I can know that all of us are susceptible to being overwhelmed by our feelings. Every soul is so fragile. And with that thought, I can treasure each interaction with another soul as an opportunity to share love today from one beautiful, fragile soul to another.
I can strive to be here for the people around me, just as if it’s for her.
I can love her by finding the helpers, the way that I would want her to find the helpers.
This is attributed to Mister Rogers. His famous quote: “When I was a boy and I would see scary things in the news, my mother would say to me, ‘Look for the helpers. You will always find people who are helping.’”
I love this, because it turns attention to something so hopeful. There are always people who want to help. And the truth is, we all need help hearing truth sometimes. When we can’t hear truth ourselves, we can look for the people who want to help us hear it. They want to help us through.

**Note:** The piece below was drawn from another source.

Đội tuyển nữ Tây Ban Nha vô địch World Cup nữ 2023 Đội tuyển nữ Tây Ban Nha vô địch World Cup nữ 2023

I can love her by holding hope, because even though the story of how she would make it through has been robbed from this world, her love has impacted a lot of stories including mine, stories that are here to be told.
I can love her by sharing the story of love, because by doing that, I am partly sharing her.

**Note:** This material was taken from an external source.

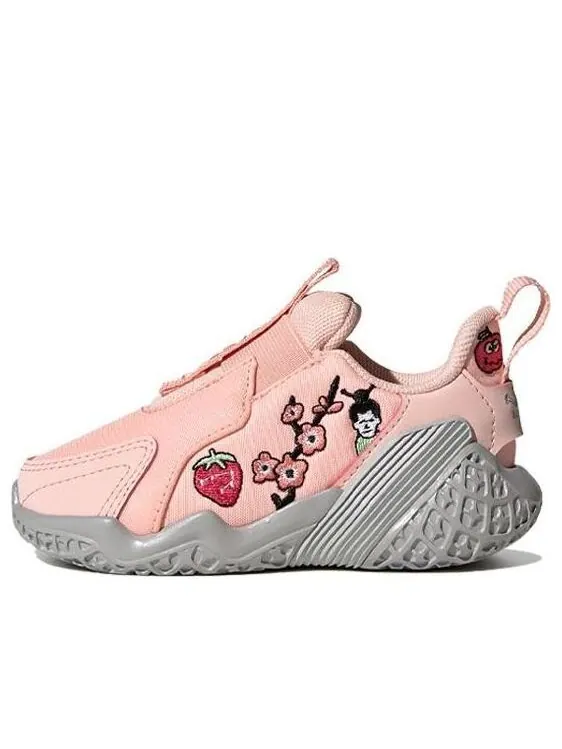 Кроссовки cleofus x 4uture rnr ac i Adidas — изображение 1 из 4, розовый/серый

I can love her by fighting the one who robbed this world of her life. And the best way to fight him is prayer.
Even when we feel lost in prayer, God still knows when we’re praying and He still hears the groans of our hearts. We can always find a simple prayer. He makes it so easy for us to come to Him.
Satan, the enemy of our souls, wants all of us to believe that the story is hopeless. But he never has the last word. And he can never, ever separate us from the One who loves us.
We can pray. And as we pray, it will help us all to learn Love.
Toward the end of the funeral, the preacher said something about how the tragedy that happened could never negate the love.
It’s true. No matter what kind of tragedy could ever come, Love will always live on. This tragedy is no different. The love that took place in her life, both given and received, the love lives on. It cannot die.
Love is stronger than any kind of tragedy.
And it makes me remember that there actually was one tragedy that happened when love did die.
The catch was what happened to Love after the fact.
The worst tragedy that ever took place was when Love, Himself died. For the people involved, nothing could be harder to process than that.
Jesus’ friends had seen him heal the sick and raise people from the dead. They had seen him calm an entire storm with one single word. They knew what he was capable of. And I can’t imagine the feelings they must have gone through trying to understand how Jesus could just let Himself die. Maybe they felt like he was abandoning them. Maybe they felt angry that he would let this happen. Maybe it rocked their entire world more than anyone could fathom to think that the very One who was the only hope of the world was just letting Himself die. And he wouldn’t even let them try to stop it from happening.
Horror of all horrors.
But….
But, if they could have only seen what else was to come, they would not have been afraid.
Well, we have the Bible and we know the truth of what they could not see at that time.
For three days, they endured the shock of the worst horror of all time. Love, Himself, was dead.
But, it was only in death, that Love could win the victory that proves for all time that the worst tragedy in the world can only multiply Love more than anyone could have ever imagined.
With the risen life of Jesus, now it was true. Before Jesus died, he had multiplied bread to feed five thousand. But after he died, the tragedy was actually used to put into action the greatest multiplication of Love that could ever happen.
Now, Jesus’ own body, became the bread that was multiplied to be offered to the entire world.
Because the thing is, tragedy might think it can kill Love.
Or maybe more truthfully said, Satan might think that he can thwart love with a tragedy like this.
But truthfully, tragedy can only make Love stronger than it ever thought that Love could be.
Tragedy always multiplies Love somehow.
Or rather, God always multiplies Love through the tragedy.
If we could only see what is coming, we would rest assured.
That is why we know: we have no need to fear.